With regard to his confrontation rights claim, the petitioner initially asserts, without
explanation, that the court’s reliance on Crawford v. Washington, 541 U.S. 36 (2004) and Davis
v. Washington, 547 U.S. 813 (2006) was improper because neither is applicable to his case.
However, as this court explained in its decision, the state’s application of these cases to the
petitioner’s case did not violate the retroactivity rule established in Teague v. Lane, 489 U.S. 288
(1983), because each opinion was issued before the petitioner’s judgment became final, and
because Teague entitles the state, not the petitioner, to object to the application of a new rule
to an old case. Free v. Peters, 12 F.3d 700, 703 (7th Cir. 1993) (citing Lockhart v.

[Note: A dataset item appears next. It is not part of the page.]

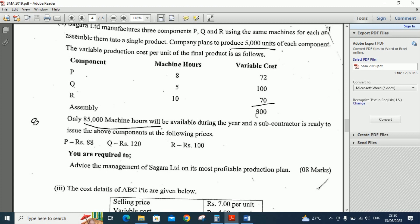A subcontractor is ready to supply the above components at the following prices: P for 88 rupees, Q for 120 rupees, and R for 100 rupees. We are required to advise the management of Sakara Limited on its most profitable production plan. So we need to calculate the most profitable production plan.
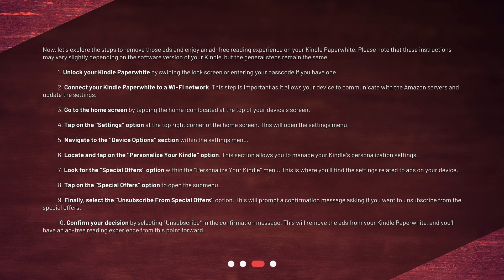Step 9: Finally, select the Unsubscribe from Special Offers option. This will prompt a confirmation message asking if you want to unsubscribe from the Special Offers. Step 10: Confirm your decision by selecting Unsubscribe in the confirmation message. This will remove the ads from your Kindle Paperwhite, and you'll have an ad-free reading experience from this point forward.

Fretwell, 506
U.S. 364 [1993]).
The petitioner also maintains that “[c]onfrontation encompasses more than just a
witnesses (sic) statements, it also involves an opportunity to question a witness regarding
relevant facts such as medical history. (Petitioner’s Motion at 3.) According to the petitioner,
the recent nature of the victim’s alleged injury was contested and crucial to proving a substantial
battery case. Therefore, the petitioner asserts that the prosecution’s failure to make a good faith
effort to produce the victim as a witness at trial “‘completely’ deprived him of material evidence
so favorable to his defense as to ‘necessarily’ prevent him from having a fair trial.” Id. (citing
United States v. Manske, 186 F.3d 770, 778-79 [7th Cir. 1999]).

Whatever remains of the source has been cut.